As explained in Working With Clients, designated agency is a special statutory form of dual agency. By statute, however, only the principal broker becomes a disclosed limited agent. The listing and selling agents represent only the party with whom they already have an agency relationship. ORS 696.815(4). Under the statute, the brokers acting as designated agents "continue to represent only the party with whom the broker has an agency relationship unless all parties agree otherwise in writing." Because the designated agents continue to represent only the principal they already have, their representation is "exclusive" for purposes of filling out the final agency acknowledgment.
return to top Financing
Financing is at the heart of the real estate business. Indeed, it is fair to say that without modern real estate financing, the real estate industry simply would not exist as it does today. It is the leverage financing provides that makes it possible for a significant percentage of the population to own their own homes. Accordingly, financing is a critical part of almost every residential real estate purchase.
The central and critical nature of financing is usually reflected in real estate forms. In California, for instance, the residential real estate form used by REALTORS? contains more than two pages of financing provisions. In Arizona, the REALTOR? sale form is supplemented by a standard Financing Options Addendum that covers everything from a new conventional first loan to seller financing.

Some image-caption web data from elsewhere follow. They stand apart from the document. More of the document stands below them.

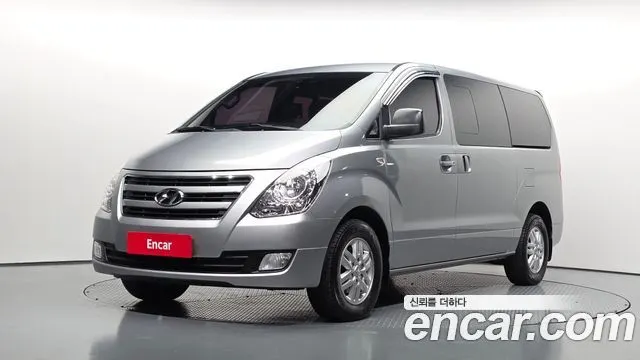 HYUNDAI GRAND STAREX — из Кореи под ключ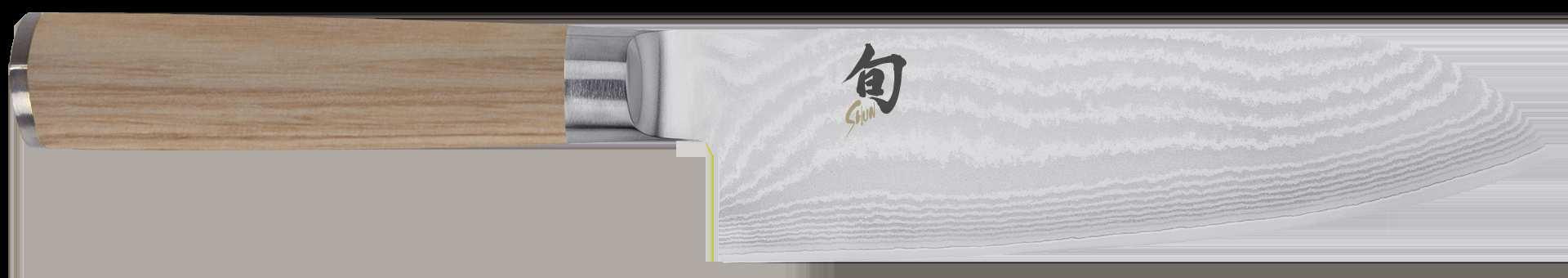 Shun Classic Blonde Santoku 7" - NORTH RIVER OUTDOORS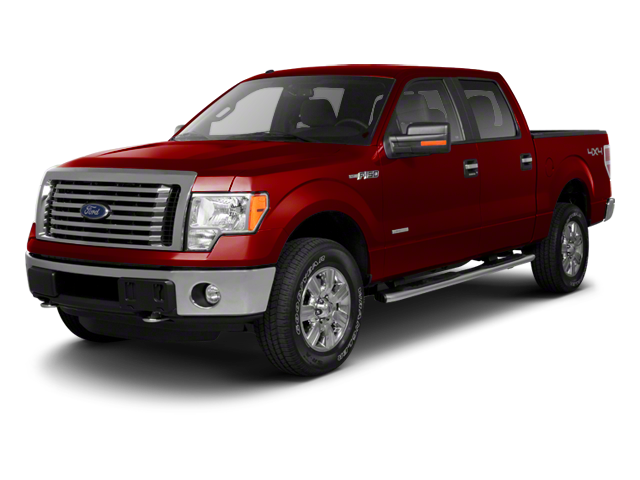 Black 2012 Ford F-150 Pickup Truck  Automatic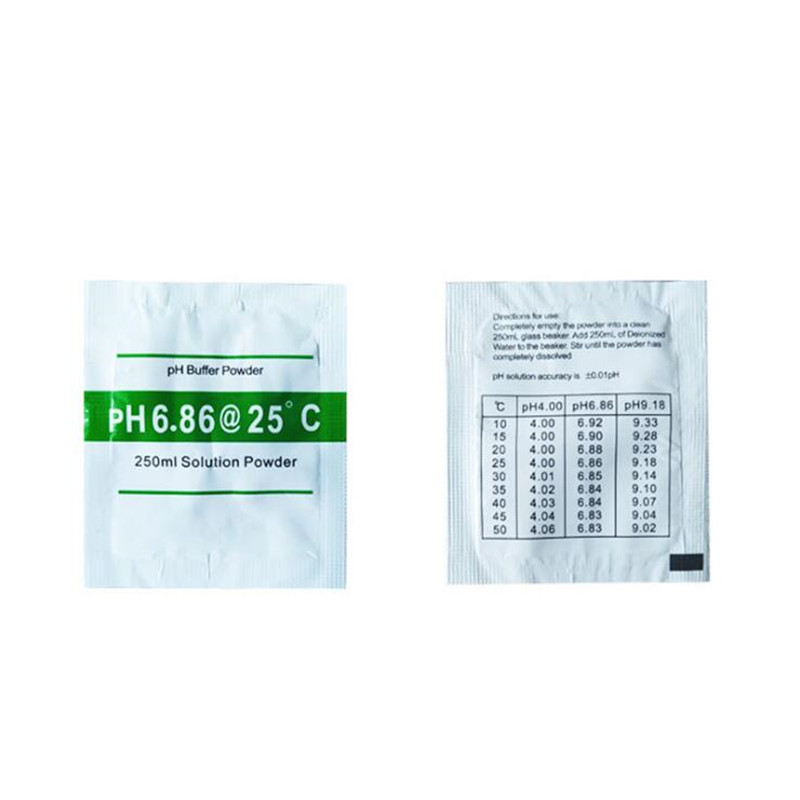 3pcs/lot PH Buffer Powder Meas - Ph Up Down Solution ulasan dan harga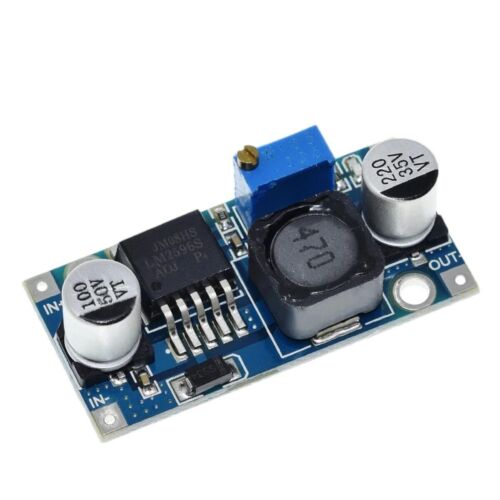 8pcs LM2596 Modulo Boost DC-DC Regolabile Step Up Convertitore di Tensione Alimentatore - Foto 2 di 6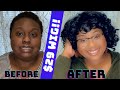 ELIM Short Curly Kinky Wig | Amazon $29 Wig Unboxing Initial Review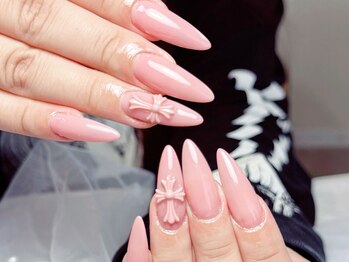 クイーンズネイルサロン(Queen's nail salon)/クロムネイル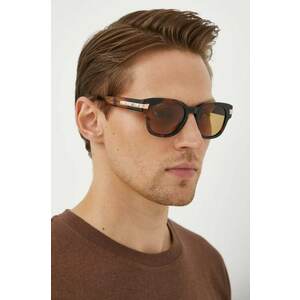 Gucci ochelari de soare barbati, culoarea verde GG1518S imagine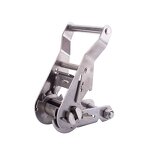 Ratchet Buckle Manufacturer - 35mm 1500kg Custom Stainless Steel Buckle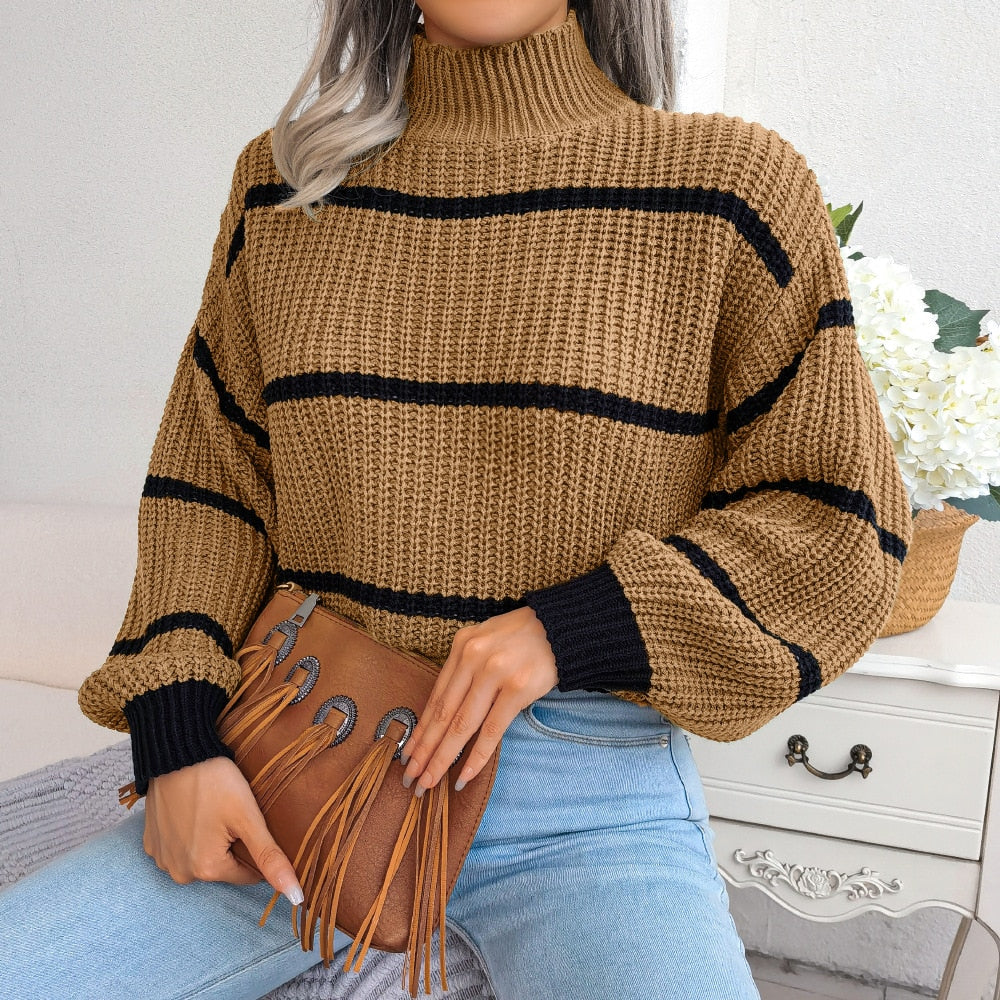 Elarova |  Modischer Damenpullover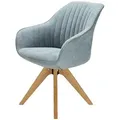 Produktbild: Drehsessel  Relax , blau , Maße (cm): B: 60 H: 83 T: 65.0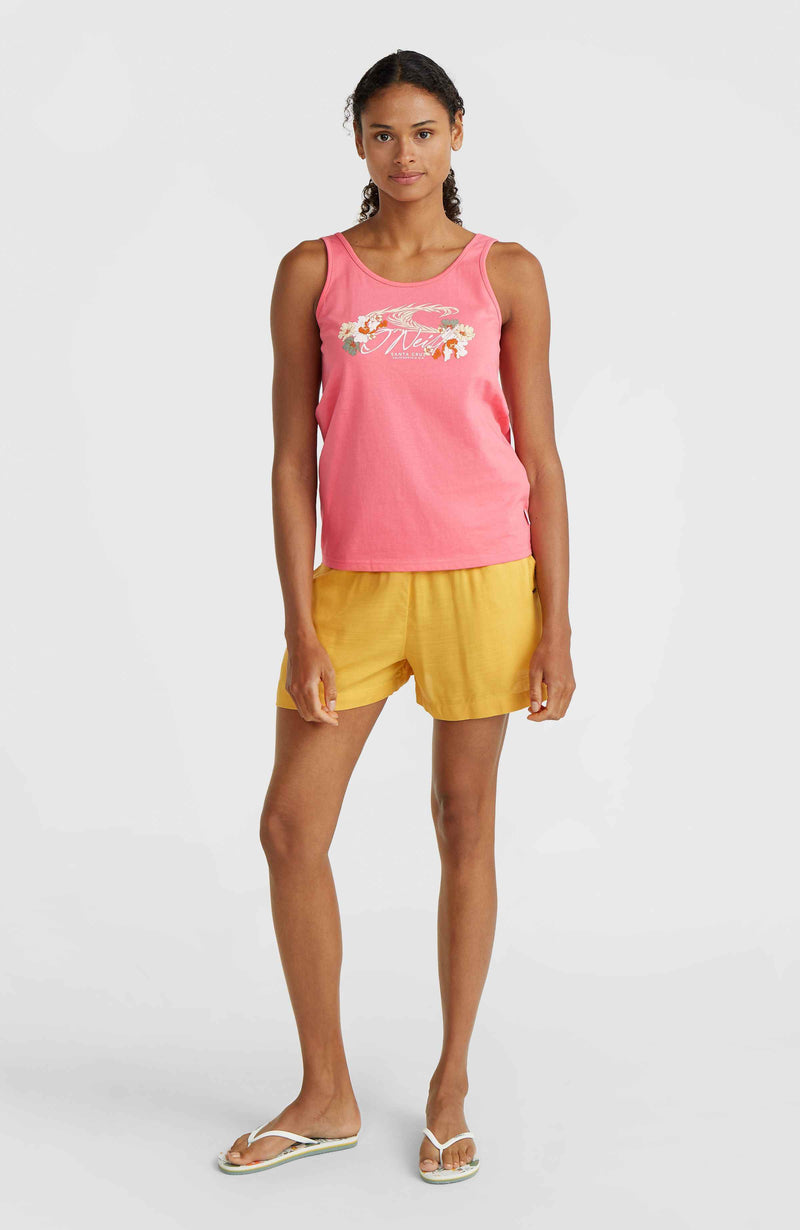 Oneill Women Luana Graphic Tank Top | Pink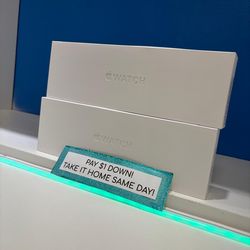 Apple Watch Series SE 2nd Gen Smartwatch - Pay $1 today and the rest later!!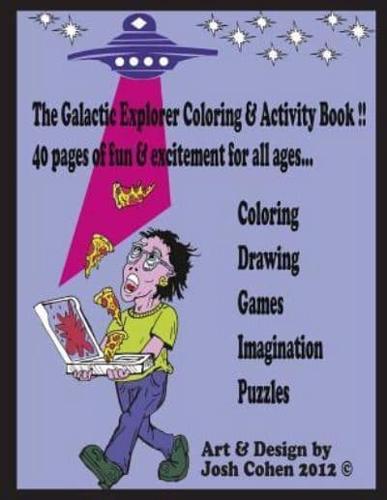 The Galactic Explorer Coloring & Activity Book Vol. 1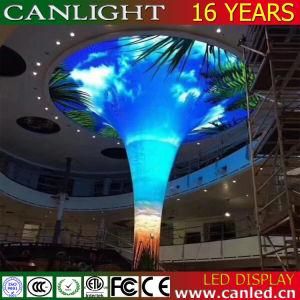 Creative DJ Mixer LED Display Screen Video Wall of Bar Stage and Hotel Ceiling
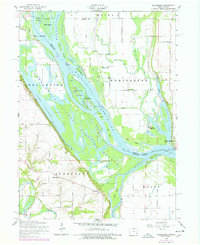 Download a high-resolution, GPS-compatible USGS topo map for Toolesboro, IA (1977 edition)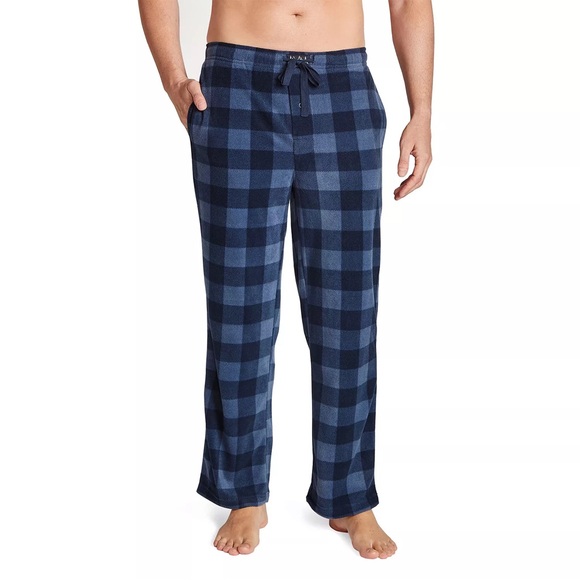 NWT Lucky Brand Men's Sleep Fleece Pant Size Large - Picture 1 of 5
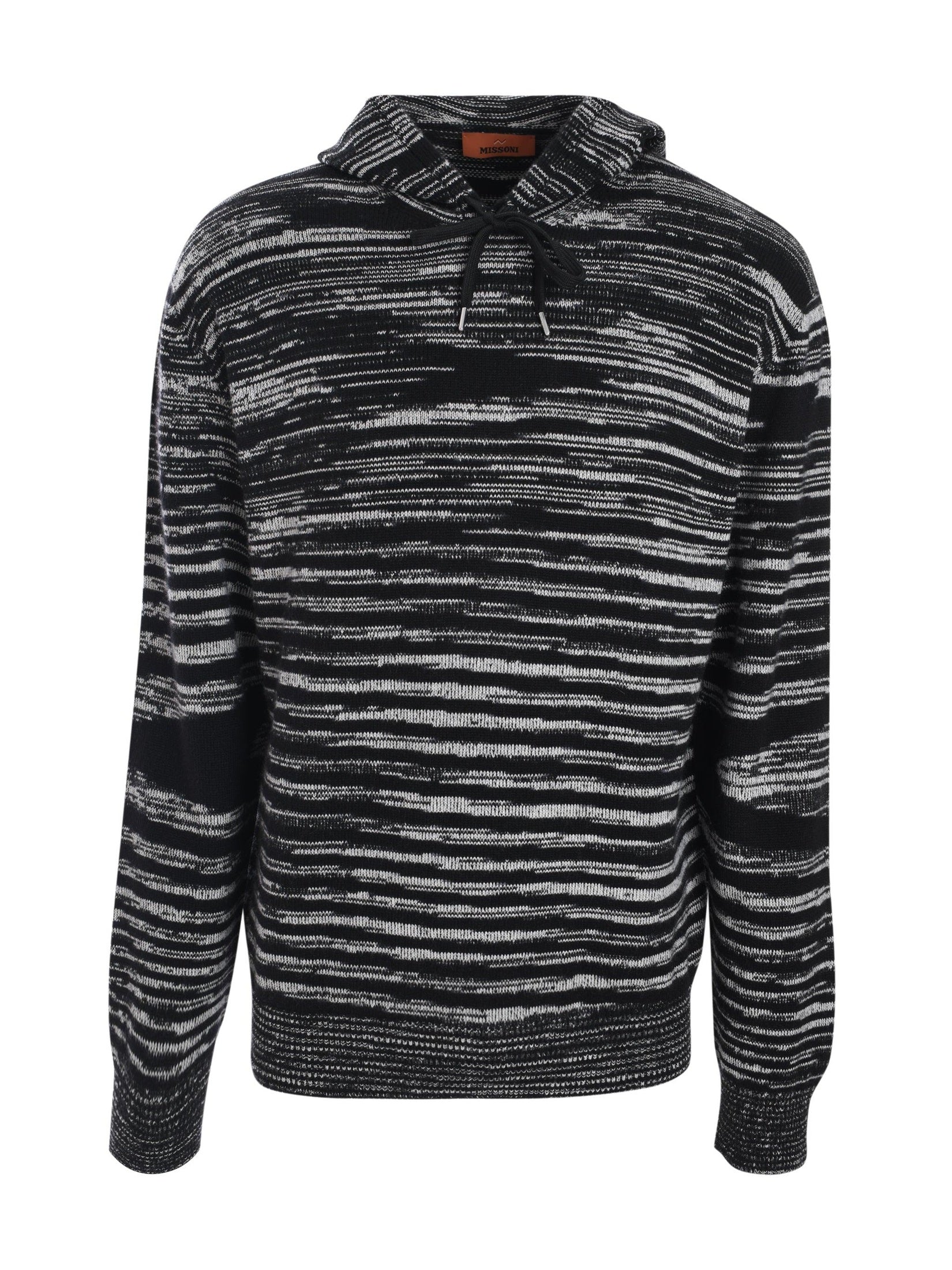 Hooded sweater by missoni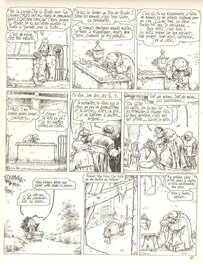 Jean-Marc Lelong - Carmen CRU - Comic Strip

Whether in the form of a separate addendum or not, real estate finance provisions tend to be pretty standardized.
Finance provisions typically benefit the buyer by protecting them from being required to perform the contract if they cannot obtain the necessary financing prior to the closing date. Sellers, however, are as interested in the financing provisions as are buyers. It is for this reason financing provisions are usually written to address both the concerns of the buyer and the concerns of the seller. Buyers tend to be concerned about the details (interest rate, points, etc.) of the loan. Sellers, on the other hand, are usually more interested in the loan process than details of the loan.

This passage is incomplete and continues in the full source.